Bridges also attacked the Government for in its “so called year of delivery” dropping its “flagship tax policy”.
“It’s a humiliating backdown,” he said.
Sure – but a backdown is what he wanted. This rhetoric will only get him so far.
National now needs to get its own house in order and show it has some other strings to its bow, as it fires shots at the Government.
It can no longer bet on a CGT seeing Labour lose the election.
Let’s actually do this
Ardern said she was a “pragmatic idealist” and there was “disappointment but acceptance” among her colleagues in caucus over the CGT being off the table.
Her challenge now is to prove she has enough pragmatism to get stuff done.
The Government desperately needs to get runs on the scoreboard.
It needs to up the ante reforming the Building Act to streamline the consenting process for prefabs, kick the Housing and Urban Development Authority into gear, prove the Provincial Growth Fund is more than a slush fund, clarify its population policy, more clearly illustrate how the “wellbeing budget” will truly be transformative, detail how it's reducing child poverty and the list goes on.
Ardern has the leadership skills.
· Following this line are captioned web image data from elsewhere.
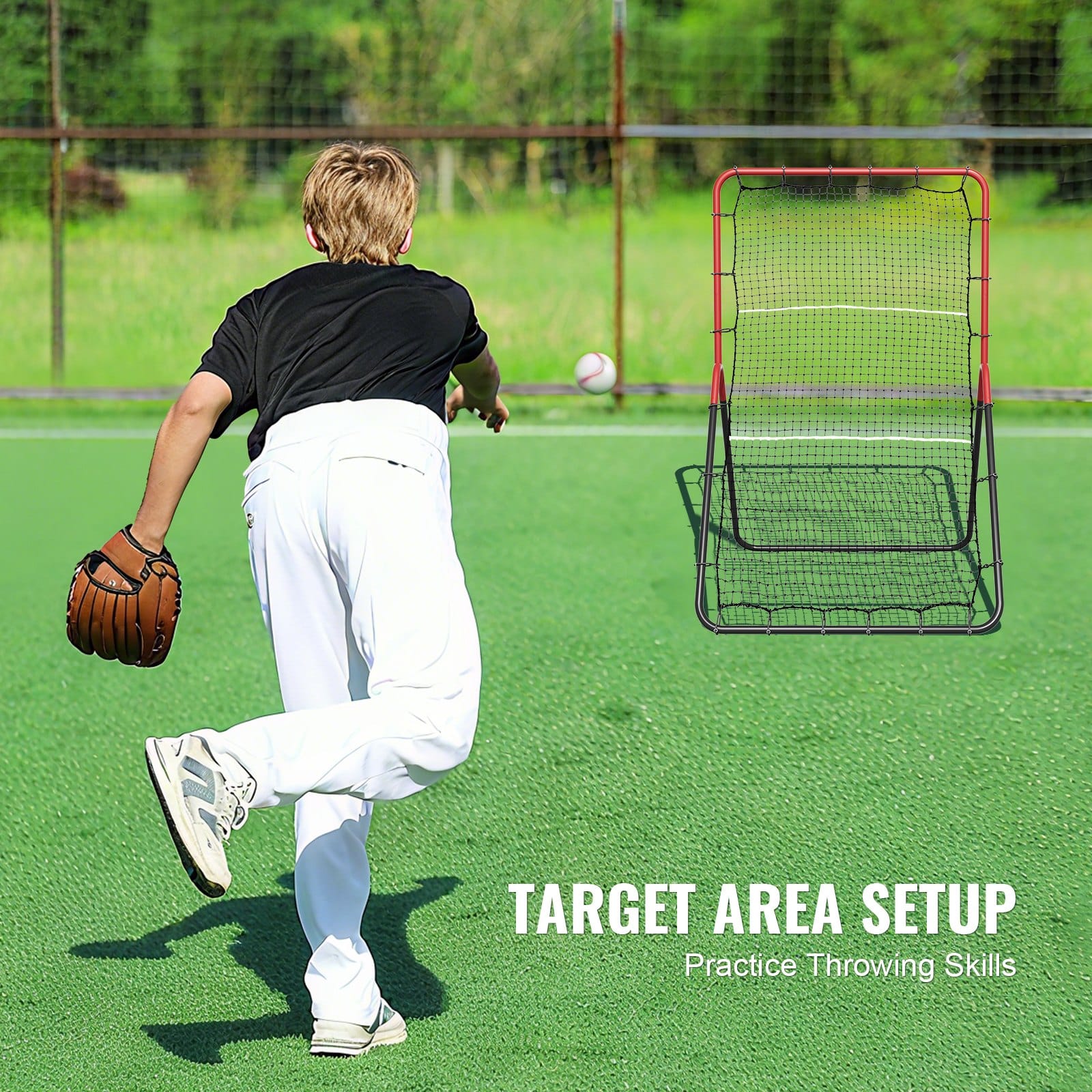 VEVOR 120x165 cm Baseball & Softball Rebound Net with 3-Zone Pitchback, Target Trainer for Throwing & Fielding Practice — attēls 4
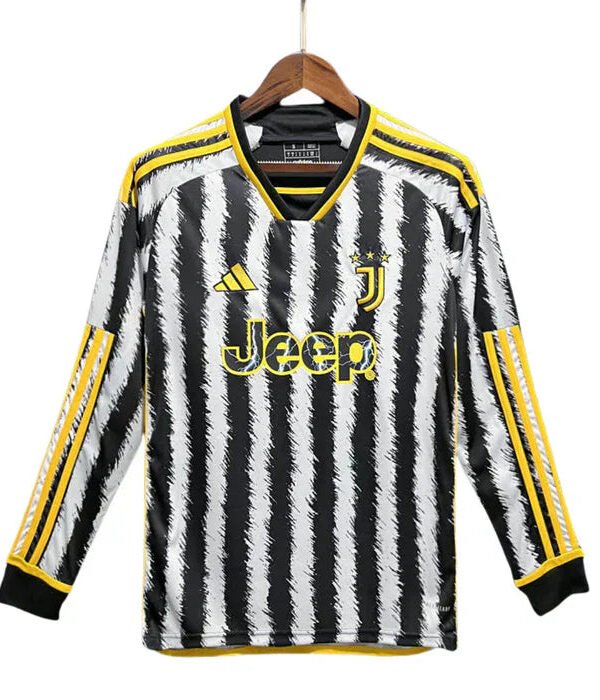Camisa Manga Longa Juventus l 23/24 - branca e preta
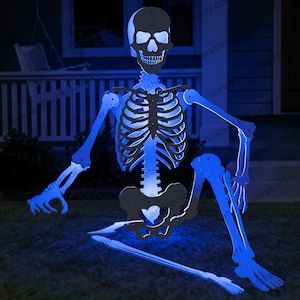 May include: A black skeleton cutout with a blue glow effect, featuring a skull, rib cage, and articulated limbs. Text at the top reads: PDF File: US Letter / A4 Prints, AI, CDR, DWG, DXF, SVG: CNC / Laser Cutting. Text at the bottom: the set includes seven stencil sizes.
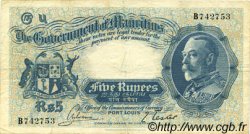 5 Rupees MAURITIUS  1930 P.20 VF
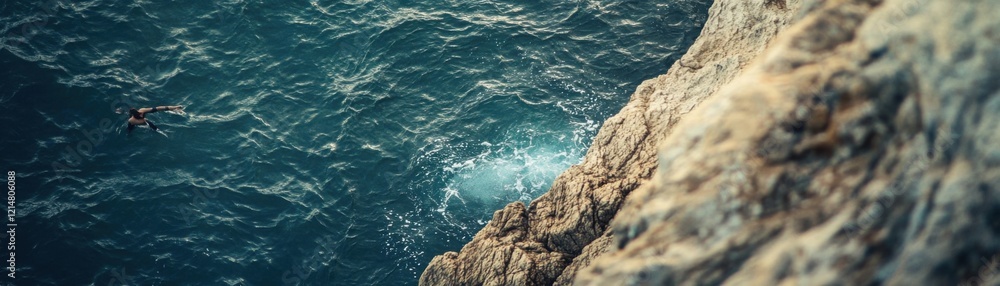 Fototapeta premium Aerial view of a swimmer near rocky coastline and ocean waves.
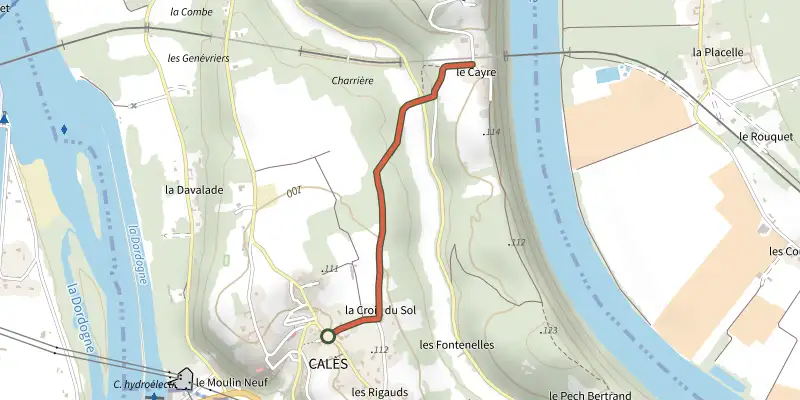 Carte du tracé de Variante Boucle de Calès sur le Plan IGN, départ et points de passage numérotés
She now needs to convince the public she has the authority.
As for the Greens, it’s been gazumped by NZ First on tax. And while the Provincial Growth Fund was allocated $3 billion, its Green Investment Fund was given a measly $100 million.
It will keep claiming the ban of new offshore oil and exploration as a win, but the sheen will wear off if MBIE’s advice is correct and a gas shortage sees us burn more coal and pay more for electricity.
Shaw, now more than ever, needs to get NZ First on board its Zero Carbon Bill, which aims to create an independent agency to manage climate change.
The question will be whether NZ First considers its CGT victory big enough for it to sit back and let Labour and the Greens claim a few wins.